Monday’s child is fair of face
Tuesday’s child is full of grace
Wednesday’s child is full of woe
Thursday’s child has far to go,
Friday’s child is loving and giving,
Saturday’s child works hard for a living,
But the child who is born on the Sabbath day
Is bonnie and blithe and good and gay.
Since I am an early childhood teacher and have read more than a zillion nursery rhyme books over the years this little verse is familiar to me. It is very old and I thought of it last Thursday. I wondered how many children are full of woe like Wednesday’s child.
I was teaching our math class with our TTP students and Funmi and someone came to get me. There was an emergency surgery at the hospital and they needed a blood donor. Just the week before I had told the lab that if they are looking for a donor to give blood, I am available. Since my blood group is O+, I am considered a “universal blood donor”. This is why I used to give blood every 12 weeks or so when we lived in the States. 0+ Blood works for all blood types except 0-.
I rushed down to the clinic and they took out a test tube of blood so that they could test to make sure I didn’t have anything in my blood that would negatively affect the person having surgery. As I was waiting for the tests to finish (this is standard procedure here). We do not have a blood bank because of the safety issue of keeping blood without constant electricity. When a patient needs blood the family looks for people to give blood that will work for the patient, they test it for HIV, Hepatitis, TB, etc. and if the tests are good, our lab technicians collect a pint of blood and that directly goes to the patient.
Anyway, while I was waiting I found out that a little 7 year old girl was the person that was going to get my blood. Here is a picture of her. Her name is Naziatu. I feel very privileged to actually get to meet someone that I have donated blood to. Well, Naziatu was born with her legs turned in. She fell and broke one of her legs and her family took her to the native healer. The native healer decided that they should break her other leg and tie the two legs together so they could heal straight. That is not what happened though. When Naziatu’s family brought her to our hospital, she had gangrene in both of her legs and was very close to death. Our Doctor had to amputate both of her legs above the knee in order to save her life. I took this picture on Monday, so this is how she is doing four days after having her legs amputated. We are watching her very carefully for infection and making sure that she is healing well. She is asking the nurses when her legs are coming back.
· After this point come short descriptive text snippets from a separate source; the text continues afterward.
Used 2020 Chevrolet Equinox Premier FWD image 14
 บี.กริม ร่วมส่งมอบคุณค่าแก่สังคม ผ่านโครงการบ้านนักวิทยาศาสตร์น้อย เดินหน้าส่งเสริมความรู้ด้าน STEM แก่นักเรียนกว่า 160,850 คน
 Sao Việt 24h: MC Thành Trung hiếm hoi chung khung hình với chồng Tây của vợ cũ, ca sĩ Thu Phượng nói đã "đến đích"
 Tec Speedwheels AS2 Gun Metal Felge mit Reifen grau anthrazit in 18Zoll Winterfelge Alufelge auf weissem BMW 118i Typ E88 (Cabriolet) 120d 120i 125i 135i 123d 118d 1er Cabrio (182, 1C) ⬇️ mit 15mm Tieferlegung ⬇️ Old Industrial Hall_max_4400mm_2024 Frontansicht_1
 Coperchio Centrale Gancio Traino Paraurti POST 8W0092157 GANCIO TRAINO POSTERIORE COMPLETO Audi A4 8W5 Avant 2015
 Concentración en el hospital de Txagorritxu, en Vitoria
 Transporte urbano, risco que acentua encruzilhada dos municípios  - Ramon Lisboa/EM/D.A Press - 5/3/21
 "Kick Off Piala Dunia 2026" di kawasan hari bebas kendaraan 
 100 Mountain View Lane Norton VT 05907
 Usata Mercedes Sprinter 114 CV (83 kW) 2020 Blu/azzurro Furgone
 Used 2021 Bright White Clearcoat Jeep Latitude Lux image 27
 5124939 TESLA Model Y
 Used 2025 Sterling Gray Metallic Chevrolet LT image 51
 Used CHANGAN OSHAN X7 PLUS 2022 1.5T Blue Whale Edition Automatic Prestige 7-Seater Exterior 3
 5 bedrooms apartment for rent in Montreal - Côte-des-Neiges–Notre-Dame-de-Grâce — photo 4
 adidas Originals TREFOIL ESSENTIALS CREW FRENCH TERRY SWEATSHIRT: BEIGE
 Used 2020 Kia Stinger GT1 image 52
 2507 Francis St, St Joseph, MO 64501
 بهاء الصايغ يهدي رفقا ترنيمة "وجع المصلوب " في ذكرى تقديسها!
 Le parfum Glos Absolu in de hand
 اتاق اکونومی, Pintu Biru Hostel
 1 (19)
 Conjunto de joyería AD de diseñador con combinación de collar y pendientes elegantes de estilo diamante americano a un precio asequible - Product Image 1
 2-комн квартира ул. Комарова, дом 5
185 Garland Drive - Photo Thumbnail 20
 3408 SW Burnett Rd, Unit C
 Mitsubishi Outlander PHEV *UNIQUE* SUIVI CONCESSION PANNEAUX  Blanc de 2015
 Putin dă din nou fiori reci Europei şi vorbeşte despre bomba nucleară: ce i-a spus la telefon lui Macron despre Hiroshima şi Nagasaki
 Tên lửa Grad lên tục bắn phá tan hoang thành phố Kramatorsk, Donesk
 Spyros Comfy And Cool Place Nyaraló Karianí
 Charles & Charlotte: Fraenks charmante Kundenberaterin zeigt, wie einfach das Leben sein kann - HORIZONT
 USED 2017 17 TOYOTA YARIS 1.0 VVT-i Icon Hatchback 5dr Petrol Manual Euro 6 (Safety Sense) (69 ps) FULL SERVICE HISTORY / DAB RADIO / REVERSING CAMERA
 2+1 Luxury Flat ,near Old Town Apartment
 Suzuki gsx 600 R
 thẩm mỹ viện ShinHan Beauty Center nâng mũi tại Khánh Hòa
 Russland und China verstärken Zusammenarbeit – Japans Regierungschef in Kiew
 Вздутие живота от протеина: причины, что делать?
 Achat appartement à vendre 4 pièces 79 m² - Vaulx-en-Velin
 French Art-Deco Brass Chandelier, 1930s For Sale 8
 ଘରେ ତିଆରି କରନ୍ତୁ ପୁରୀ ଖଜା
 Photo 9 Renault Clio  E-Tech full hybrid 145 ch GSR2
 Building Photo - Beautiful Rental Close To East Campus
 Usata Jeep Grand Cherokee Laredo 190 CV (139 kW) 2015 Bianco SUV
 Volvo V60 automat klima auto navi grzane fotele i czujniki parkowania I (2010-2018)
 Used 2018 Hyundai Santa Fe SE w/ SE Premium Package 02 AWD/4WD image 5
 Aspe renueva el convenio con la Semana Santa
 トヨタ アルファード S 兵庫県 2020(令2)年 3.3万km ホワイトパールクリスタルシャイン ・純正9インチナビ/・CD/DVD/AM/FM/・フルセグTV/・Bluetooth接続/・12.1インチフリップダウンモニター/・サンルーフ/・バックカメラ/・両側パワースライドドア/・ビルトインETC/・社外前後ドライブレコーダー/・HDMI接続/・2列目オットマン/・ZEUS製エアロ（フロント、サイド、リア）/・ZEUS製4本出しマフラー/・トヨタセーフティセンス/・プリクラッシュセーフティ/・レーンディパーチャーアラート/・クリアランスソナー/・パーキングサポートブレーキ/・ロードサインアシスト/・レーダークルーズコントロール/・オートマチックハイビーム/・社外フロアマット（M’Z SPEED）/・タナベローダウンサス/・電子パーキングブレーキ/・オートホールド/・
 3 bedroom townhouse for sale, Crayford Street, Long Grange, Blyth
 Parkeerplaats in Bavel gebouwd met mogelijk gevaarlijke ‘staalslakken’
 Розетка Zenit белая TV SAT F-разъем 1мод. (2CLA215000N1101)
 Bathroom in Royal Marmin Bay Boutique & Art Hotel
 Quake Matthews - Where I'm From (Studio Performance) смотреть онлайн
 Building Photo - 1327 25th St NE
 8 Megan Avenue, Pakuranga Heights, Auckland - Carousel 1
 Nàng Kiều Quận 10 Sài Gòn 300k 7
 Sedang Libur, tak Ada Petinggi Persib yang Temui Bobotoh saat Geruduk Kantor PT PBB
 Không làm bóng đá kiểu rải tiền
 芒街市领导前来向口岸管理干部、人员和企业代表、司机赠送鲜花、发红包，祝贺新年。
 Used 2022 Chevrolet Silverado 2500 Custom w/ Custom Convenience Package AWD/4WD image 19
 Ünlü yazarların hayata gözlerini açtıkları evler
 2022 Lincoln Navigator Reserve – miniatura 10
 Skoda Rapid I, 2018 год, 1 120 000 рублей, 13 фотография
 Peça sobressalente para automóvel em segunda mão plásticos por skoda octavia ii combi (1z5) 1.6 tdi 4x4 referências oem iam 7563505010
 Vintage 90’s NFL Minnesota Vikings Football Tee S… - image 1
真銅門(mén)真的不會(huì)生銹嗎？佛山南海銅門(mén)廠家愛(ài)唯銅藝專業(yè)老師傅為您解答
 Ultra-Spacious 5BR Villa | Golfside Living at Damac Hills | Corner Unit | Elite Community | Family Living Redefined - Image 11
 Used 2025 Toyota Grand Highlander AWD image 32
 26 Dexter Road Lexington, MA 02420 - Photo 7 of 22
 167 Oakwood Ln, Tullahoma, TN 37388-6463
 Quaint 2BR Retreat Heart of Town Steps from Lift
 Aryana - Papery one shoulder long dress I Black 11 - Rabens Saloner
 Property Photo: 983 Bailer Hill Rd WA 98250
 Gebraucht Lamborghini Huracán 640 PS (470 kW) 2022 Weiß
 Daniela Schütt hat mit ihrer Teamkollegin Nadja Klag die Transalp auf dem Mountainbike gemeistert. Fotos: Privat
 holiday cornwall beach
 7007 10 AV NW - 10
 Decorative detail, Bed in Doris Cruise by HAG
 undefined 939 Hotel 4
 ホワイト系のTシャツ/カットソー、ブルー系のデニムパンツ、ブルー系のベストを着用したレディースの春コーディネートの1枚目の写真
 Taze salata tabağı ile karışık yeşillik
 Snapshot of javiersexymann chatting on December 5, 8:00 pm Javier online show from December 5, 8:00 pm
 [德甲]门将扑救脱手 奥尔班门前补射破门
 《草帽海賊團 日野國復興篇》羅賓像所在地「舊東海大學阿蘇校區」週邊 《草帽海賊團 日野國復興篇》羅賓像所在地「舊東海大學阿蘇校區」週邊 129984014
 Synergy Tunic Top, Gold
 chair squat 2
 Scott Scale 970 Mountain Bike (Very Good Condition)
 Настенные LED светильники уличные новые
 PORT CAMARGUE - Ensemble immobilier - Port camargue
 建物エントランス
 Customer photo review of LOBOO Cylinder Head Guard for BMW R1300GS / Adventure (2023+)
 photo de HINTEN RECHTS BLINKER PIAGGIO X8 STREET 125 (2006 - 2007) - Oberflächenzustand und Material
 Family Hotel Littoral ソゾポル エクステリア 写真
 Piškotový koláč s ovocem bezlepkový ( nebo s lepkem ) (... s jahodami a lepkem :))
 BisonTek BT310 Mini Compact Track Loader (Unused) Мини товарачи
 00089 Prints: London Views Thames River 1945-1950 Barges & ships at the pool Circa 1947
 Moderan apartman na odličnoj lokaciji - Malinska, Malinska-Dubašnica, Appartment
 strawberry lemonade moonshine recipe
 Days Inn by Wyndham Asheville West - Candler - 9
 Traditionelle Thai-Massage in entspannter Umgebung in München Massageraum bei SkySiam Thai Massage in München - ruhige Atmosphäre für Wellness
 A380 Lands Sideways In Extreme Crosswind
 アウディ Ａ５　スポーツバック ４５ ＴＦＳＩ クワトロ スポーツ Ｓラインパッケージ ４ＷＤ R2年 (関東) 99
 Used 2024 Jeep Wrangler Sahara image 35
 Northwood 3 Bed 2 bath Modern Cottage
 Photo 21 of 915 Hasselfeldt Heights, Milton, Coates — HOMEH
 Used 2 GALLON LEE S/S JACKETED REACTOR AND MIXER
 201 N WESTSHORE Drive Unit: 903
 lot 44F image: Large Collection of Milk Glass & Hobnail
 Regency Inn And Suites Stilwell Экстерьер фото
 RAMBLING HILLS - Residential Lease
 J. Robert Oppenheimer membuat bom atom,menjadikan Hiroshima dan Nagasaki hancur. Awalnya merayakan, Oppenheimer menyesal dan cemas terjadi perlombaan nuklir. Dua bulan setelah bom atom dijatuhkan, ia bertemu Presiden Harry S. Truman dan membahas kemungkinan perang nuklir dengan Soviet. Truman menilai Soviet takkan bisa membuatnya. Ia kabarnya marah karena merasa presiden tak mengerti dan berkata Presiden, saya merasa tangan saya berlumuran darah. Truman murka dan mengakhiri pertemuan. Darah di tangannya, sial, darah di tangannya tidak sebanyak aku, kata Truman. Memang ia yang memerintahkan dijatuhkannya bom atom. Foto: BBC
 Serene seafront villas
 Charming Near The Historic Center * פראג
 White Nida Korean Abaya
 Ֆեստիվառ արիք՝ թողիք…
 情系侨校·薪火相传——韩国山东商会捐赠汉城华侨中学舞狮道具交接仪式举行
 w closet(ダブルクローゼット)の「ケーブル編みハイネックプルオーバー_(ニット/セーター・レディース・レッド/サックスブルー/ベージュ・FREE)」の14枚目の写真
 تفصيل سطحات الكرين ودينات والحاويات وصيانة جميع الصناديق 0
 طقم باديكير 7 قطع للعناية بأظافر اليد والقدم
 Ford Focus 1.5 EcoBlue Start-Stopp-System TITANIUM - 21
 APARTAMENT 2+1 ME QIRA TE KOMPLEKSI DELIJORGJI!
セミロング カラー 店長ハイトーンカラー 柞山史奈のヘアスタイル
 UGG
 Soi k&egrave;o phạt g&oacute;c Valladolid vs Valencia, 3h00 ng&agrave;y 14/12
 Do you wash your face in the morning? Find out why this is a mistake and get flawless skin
Also, while I was waiting the nurses were changing the dressings on our two burned children, Mymoona and Sadam. Their cries and begging the nurses to stop broke my heart as it would anyone. But this is so necessary for their healing, but also so painful for them.
Needless to say, it was a somber day for me as I thought and prayed about what so many people on this Earth deal with and how are we (Dan and I) ever going to make a dent of a difference here with the huge cultural gap that we deal with daily. Dan and I talked Friday morning about our on-going challenge with village healers and the deaths that occur that don’t need to because of this very challenge. We decided we need to educate as many people as much as we can and pray. We covet your prayers in this for us please.
I am still not sure how Naziatu is going to be able to get around after she gets to go home. I don’t know if a wheelchair would be the best and easiest or what is really the best for her at this time. Then there is the question if she will ever be able to have prosthetic legs.
Friends, my point for today is this: Hug your children, be thankful for the healthcare we have accessible in the States, we still need to be our children’s biggest advocates. Pray for us please and continue praying for Mymoona and Sadam as well as Naziatu. That they will heal and be infection-free and be able to return to their homes and live life.
On Monday, January 15 America celebrated Martin Luther King Jr. Day, the day America stops to think about this man and his dream. “I have a dream that one day this nation will rise up and live out the true meaning of its creed: We hold these truths to be self-evident: that all men are created equal.
I have a dream that one day on the red hills of Georgia the sons of former slaves and the sons of former slave owners will be able to sit down together at the table of brotherhood.
I have a dream that one day even the state of Mississippi, a state sweltering with the heat of injustice, sweltering with the heat of oppression, will be transformed into an oasis of freedom and justice.
I have a dream that my four little children will one day live in a nation where they will not be judged by the color of their skin but by the content of their character.”
This is just a tiny portion of MLK’s famous “I Have a Dream” speech given in 1963, the very year I was born.
I was thinking this week as we got back into teaching that each of us needs to have a dream, few of us can verbalize it as well as MLK did. Bill Hybels calls it the Moment of Holy Discontent or that Popeye Moment, “That’s all I can stands, I can’t stands no more!”
That feeling that you can’t go on in life ignoring this injustice any longer, you MUST do something about it.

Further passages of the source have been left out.